This post illustrates the NMAT for ocean subsets, where possible, in addition to Global and Hemispheric datasets, all based on the MOHMAT4.3 data. The graphs are of the raw data and of the data smoothed with a 37-month running-average filter. All of the graphs end in May 2007, the last month of updates for the KNMI version of the MOHMAT4.3 data.

A minor problem: data is sparse in the late 1910s and the early 1940s for many of the datasets. For this reason, I’ve also included the graphs provided by KNMI in the lower right-hand corner of each illustration.
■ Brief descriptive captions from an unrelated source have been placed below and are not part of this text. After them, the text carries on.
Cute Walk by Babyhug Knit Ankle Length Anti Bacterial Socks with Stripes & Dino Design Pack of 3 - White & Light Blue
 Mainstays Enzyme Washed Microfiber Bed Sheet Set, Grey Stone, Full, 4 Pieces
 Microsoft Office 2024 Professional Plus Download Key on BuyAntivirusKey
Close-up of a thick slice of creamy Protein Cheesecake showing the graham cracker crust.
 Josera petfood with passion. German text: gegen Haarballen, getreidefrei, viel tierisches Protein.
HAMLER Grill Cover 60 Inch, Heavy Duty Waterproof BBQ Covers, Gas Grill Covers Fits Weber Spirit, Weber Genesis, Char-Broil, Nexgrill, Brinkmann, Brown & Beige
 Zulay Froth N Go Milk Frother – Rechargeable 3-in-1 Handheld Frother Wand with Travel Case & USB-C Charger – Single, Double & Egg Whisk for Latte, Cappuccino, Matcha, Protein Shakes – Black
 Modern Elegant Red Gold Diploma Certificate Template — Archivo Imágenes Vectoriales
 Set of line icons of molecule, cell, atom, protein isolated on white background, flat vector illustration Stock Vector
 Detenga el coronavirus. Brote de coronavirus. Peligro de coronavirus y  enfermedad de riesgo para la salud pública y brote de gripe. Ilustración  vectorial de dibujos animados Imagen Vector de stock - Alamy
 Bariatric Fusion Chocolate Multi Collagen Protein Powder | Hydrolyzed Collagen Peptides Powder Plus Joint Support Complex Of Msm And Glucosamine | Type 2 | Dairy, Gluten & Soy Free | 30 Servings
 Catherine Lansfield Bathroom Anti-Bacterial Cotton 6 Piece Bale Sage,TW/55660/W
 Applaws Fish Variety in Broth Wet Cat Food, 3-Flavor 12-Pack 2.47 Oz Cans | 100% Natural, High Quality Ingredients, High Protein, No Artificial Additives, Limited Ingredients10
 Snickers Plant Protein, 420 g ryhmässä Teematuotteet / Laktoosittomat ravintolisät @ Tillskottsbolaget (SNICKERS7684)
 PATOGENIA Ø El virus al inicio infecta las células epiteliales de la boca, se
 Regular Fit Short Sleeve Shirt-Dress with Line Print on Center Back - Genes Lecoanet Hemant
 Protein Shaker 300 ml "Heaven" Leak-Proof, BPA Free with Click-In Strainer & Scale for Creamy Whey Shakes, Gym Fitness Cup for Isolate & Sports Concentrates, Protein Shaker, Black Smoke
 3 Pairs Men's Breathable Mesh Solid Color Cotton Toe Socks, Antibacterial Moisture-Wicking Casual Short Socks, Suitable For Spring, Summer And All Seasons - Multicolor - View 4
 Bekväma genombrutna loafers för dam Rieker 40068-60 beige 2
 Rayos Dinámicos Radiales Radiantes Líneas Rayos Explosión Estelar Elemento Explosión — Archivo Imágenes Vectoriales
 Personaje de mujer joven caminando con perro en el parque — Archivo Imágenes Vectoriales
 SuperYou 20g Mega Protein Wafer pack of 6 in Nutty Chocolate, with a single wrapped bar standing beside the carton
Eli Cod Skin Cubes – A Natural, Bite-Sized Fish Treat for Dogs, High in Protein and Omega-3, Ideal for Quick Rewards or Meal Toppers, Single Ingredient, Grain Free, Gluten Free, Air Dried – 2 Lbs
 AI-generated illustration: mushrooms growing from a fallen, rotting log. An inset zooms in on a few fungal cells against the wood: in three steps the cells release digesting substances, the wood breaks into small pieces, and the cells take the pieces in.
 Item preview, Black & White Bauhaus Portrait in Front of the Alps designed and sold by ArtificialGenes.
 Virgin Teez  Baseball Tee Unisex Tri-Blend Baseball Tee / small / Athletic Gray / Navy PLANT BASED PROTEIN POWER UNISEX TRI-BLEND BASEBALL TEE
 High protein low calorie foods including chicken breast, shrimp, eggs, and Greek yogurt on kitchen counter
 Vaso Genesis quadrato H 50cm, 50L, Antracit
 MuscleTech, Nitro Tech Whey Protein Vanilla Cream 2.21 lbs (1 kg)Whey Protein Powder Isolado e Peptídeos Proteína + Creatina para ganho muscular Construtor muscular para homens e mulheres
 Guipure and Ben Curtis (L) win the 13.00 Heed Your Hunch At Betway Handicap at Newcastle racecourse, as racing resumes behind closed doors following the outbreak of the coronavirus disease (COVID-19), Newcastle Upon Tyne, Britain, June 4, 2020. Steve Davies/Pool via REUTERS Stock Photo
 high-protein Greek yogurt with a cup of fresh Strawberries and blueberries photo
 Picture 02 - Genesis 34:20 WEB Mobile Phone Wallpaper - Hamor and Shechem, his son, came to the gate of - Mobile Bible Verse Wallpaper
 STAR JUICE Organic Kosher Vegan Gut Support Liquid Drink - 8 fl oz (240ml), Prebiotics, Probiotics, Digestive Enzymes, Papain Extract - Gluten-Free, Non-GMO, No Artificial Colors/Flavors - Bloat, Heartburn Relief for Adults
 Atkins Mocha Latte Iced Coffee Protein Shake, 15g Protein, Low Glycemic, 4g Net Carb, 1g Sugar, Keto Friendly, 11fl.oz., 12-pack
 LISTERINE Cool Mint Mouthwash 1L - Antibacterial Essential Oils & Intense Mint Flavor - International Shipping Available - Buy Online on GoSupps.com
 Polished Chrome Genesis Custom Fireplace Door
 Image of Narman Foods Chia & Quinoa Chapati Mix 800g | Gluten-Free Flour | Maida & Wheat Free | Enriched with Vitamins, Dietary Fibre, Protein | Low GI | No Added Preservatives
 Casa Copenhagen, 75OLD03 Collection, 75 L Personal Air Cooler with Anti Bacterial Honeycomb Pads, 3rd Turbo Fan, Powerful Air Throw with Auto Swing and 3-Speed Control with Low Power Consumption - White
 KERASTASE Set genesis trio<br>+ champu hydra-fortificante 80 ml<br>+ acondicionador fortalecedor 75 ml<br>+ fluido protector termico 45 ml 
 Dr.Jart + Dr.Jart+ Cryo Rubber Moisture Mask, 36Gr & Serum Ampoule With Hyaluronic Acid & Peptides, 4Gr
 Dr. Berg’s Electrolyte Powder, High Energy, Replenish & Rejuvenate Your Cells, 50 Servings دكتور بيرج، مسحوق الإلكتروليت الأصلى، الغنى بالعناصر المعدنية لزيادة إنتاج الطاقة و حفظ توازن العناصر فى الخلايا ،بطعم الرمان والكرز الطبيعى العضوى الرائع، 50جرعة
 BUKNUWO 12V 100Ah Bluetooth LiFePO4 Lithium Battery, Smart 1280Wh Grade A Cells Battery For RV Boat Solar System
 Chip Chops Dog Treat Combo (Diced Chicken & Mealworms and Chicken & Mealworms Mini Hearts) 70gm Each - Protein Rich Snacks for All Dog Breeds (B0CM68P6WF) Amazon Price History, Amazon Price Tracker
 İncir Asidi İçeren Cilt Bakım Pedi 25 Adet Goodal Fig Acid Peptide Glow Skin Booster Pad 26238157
They show the gaps in the data very well.


Figure 2 shows the Global NMAT from October 1904 to May 2007. The first thing that stands out is the peak in NMAT in the early 1940s, which was created by the sizable multiyear (1939/40/41/42) El Nino. (As noted in my post A Different Way to Look at NINO3.4 Data, that El Nino exceeds the intensity of the 1997/98 El Nino if the data is smoothed with a 25-month filter. Refer to Figure 2 in that post.) The second thing: using the smoothed curve as reference, current NMATs are only 0.06 Deg C higher than they were in the early 1940s.

Figure 2


The NMAT data from November 1905 to May 2007 for the Southern Hemisphere is shown in Figure 3. The gap in the data during the early-to-mid 1940s could not have come at a more inopportune time. It obliterated the impact of the multiyear El Nino. Note that there are no blank periods in the Southern Hemisphere NMAT data in the IPCC graphs for those periods. Refer back to Figure 1, cell d. There’s little to no data available, yet the IPCC shows it. Curious. Also note that, again using the smoothed data in Figure 3 as reference, there has been little, if any, rise in Southern Hemisphere NMAT since the mid-1980s.

Figure 3

Figure 4 illustrates the Northern Hemisphere NMAT data from January 1881 to May 2007. Prior to approximately 1905, there are significant breaks in the data, but since then, the data set is complete for the most part. There are a few months missing here and there, but no multiyear periods. Note how insignificant the difference is between the peak in the 1940s and the peak attributable to the 1997/98 El Nino. There’s approximately a 0.04 deg C difference.

Figure 4


The duration and number of breaks in the NMAT data for the South Atlantic, Figure 5, were so long and many it didn’t seem worthwhile to create my own graphs. I’m providing Figure 5, the corresponding graph from the KNMI website, simply as a reference.

Figure 5

The Indian Ocean NMAT data from February 1956 to May 2007 is shown in Figure 6. Highlighted is the dip and rebound from the late-19th Century to the mid-20th, which is consistent with many ERSST.v2 datasets. Also note how the NMAT for the Indian Ocean has not risen since the late 1980s.

Figure 6

Figure 7 shows the North Atlantic NMAT data from January 1867 to May 2007. The three spikes in the raw data stand out. The 1878 spike in NMAT coincides with a significant El Nino, similar the 1940s and the current stretch of elevated NMAT. The recent rise is also aided by Thermohaline Circulation/Meridional Overturning Circulation.

Figure 7

My favorite graph of the MOHMAT4.3 data is that of the Pacific Ocean NMAT from May 1921 to May 2007. Refer to Figure 8. Consider that the Pacific Ocean covers more of the global surface area than all land masses combined plus another Africa. And its NMAT in the early 1940s was higher than present values. It’s an indication of the magnitude of that multiyear El Nino. Somehow, that 1940s El Nino is not as significant in land surface temperature data.

Figure 8


There is little similarity between the NMAT data presented by the IPCC in AR4 and the Hadley Centre NMAT data available from through the KNMI website.


About Bob Tisdale

Research interest: the long-term aftereffects of El Niño and La Nina events on global sea surface temperature and ocean heat content. Author of the ebook Who Turned on the Heat? and regular contributor at WattsUpWithThat.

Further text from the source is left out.